Gli Scavi di Stabia, la donna che bacchettò Winckelmann

di Giuseppe Zingone

La Principessa della Rocca, immagine rivisitata con AI

Embden Heine, Maria de Voss, principessa della Rocca d’Aspro (1835 – 1908), moglie del principe Michele Cito Filomarino,1 (patrizio napoletano) fu una prolifica articolista e collaboratrice della rivista L’Illustrazione Italiana tra la fine dell’Ottocento e l’inizio del Novecento, nipote da parte materna del poeta tedesco Heinrich Heine.2

Contesto storico

In un’epoca in cui il giornalismo era dominato dagli uomini, Maria della Rocca riuscì a ritagliarsi uno spazio importante come osservatrice attenta della società, del costume e della cultura cosmopolita. I suoi articoli erano veri e propri spaccati della vita aristocratica e borghese europea.

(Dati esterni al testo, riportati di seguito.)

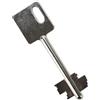 HMF 58118 - Chiave di ricambio per cassaforte con serratura doppia, testa quadrata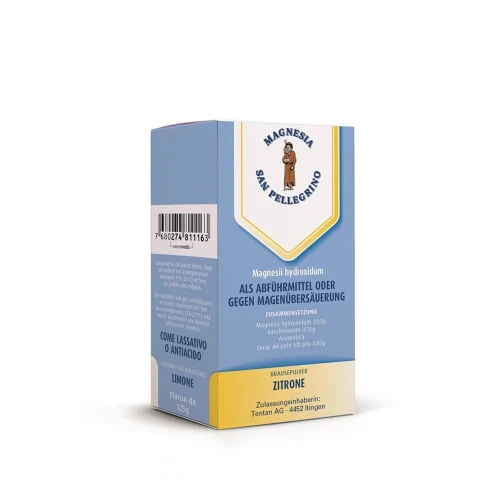 MAGNESIA S PELLEGRIN Brause Plv Zitr Fl 125 g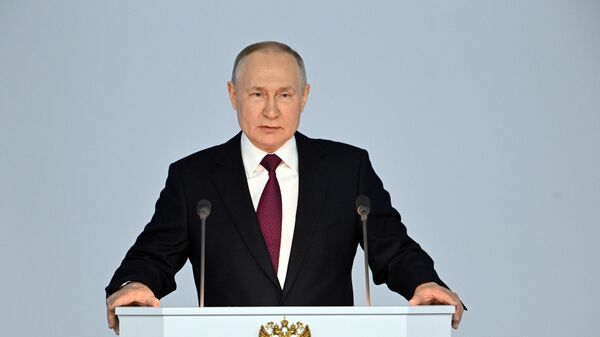 Poslanie prezidenta RF Vladimira Putina Federalnomu sobraniyu. - Sputnik O‘zbekiston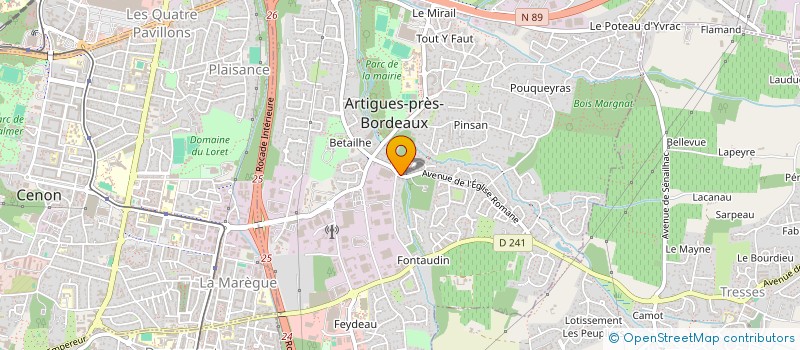 localisation de l'entreprise MADAME JULIA BOUCHET  ARTIGUES-PRES-BORDEAUX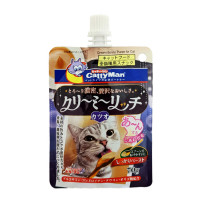 Рідкі ласощі CattyMan Creamy Bonito для котів, вершкове пюре з макрелью, 70 г Рідкі ласощі CattyMan Creamy Bonito для котів, вершкове пюре з макрелью, 70 г
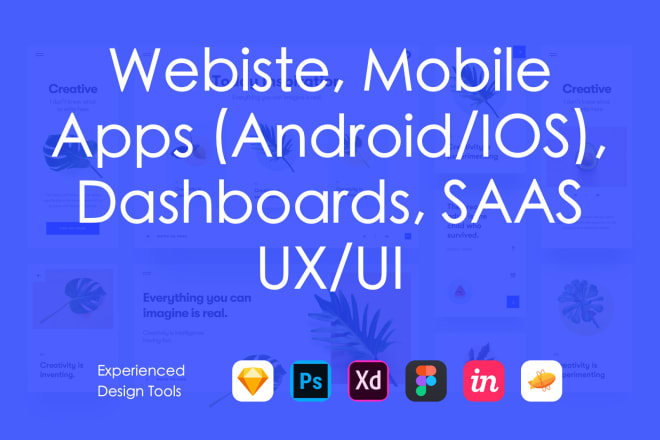 I will design mobile app, web and saas ui ux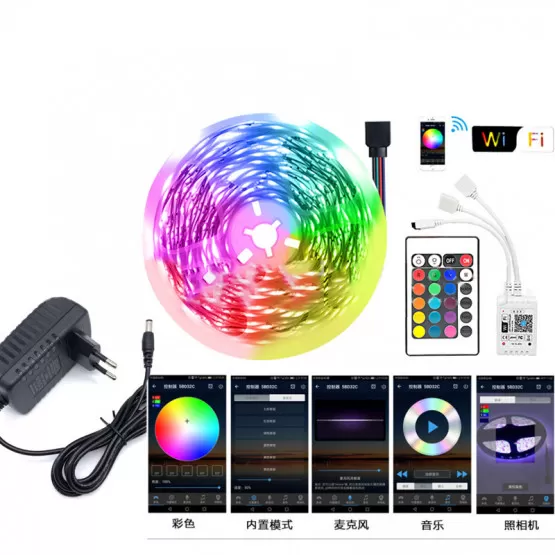 INF Smart LED Strip Lights Kit 20M med WiFi-kontroller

Scriveva spesso da capitali estere, portando ai lettori italiani il gusto e le tendenze di Parigi o Vienna.
Collaborava recensendo opere e partecipando al dibattito intellettuale che la rivista L’Illustrazione Italiana (edita da Treves) portava avanti con firme del calibro di D’Annunzio e Carducci.

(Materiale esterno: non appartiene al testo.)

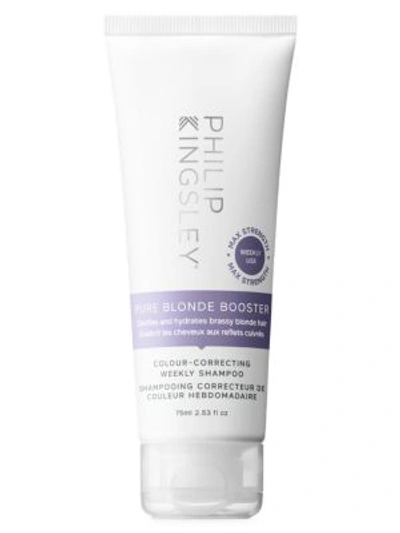 Shop Philip Kingsley Women's Pure Blonde Booster Colour-correcting Weekly Shampoo In Size 8.5 Oz. & Above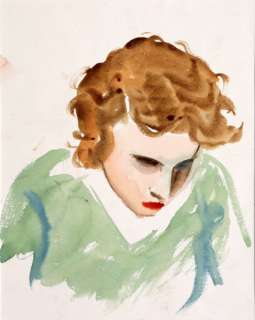 Hergé | Belle aquarelle de l’artiste représentant sa prem… | Banque Dessinée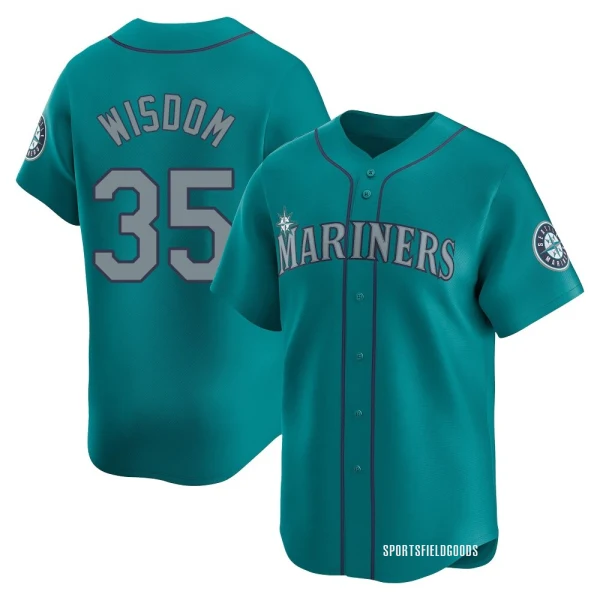 Youth Patrick Wisdom Seattle Mariners Aqua Limited Alternate Jersey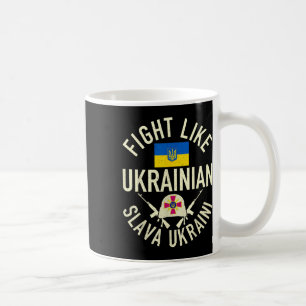 Kämpfe wie ukrainische Unterstützung für die Ukrai Kaffeetasse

La principessa Maria della Rocca era legata alla nobiltà napoletana e al Sud Italia. Il suo titolo e il legame con la famiglia di Rocca D’Aspro la collocano nel contesto dell’aristocrazia meridionale che, dopo l’Unità d’Italia, manteneva fortissimi legami culturali con le grandi capitali europee. Questa sua vita partenopea è fondamentale per comprendere il suo interesse per l’archeologia e per i siti vesuviani, che descriveva con la competenza di chi conosceva profondamente il territorio e la sua storia, oltre all’amore e alla passione per l’arte e la devozione per i pittori napoletani, che affidò al suo libro: L’arte moderna in Italia. Studii, biografie e schizzi Napoli.3

Gli Scavi di Stabia

Corrispondenza per il libro, tra la principessa e Cesare Cantù

L’articolo sugli Scavi di Stabia e il libro di Michele Ruggiero

Gli scavi di Stabia

L’Illustrazione Italiana

All’epoca, gli scavi di Stabia stavano vivendo fasi alterne di riscoperta.4 La Contessa utilizzò le pagine della rivista per sensibilizzare il pubblico colto nazionale (la rivista era letta in tutta Italia) sulla bellezza e l’importanza storica delle ville stabiesi. L’Illustrazione Italiana era la rivista della “nuova Italia”. Avere una donna che scriveva di archeologia con taglio giornalistico e culturale, aiutò a togliere queste scoperte dai soli circoli accademici, rendendole parte del bagaglio culturale di ogni italiano istruito.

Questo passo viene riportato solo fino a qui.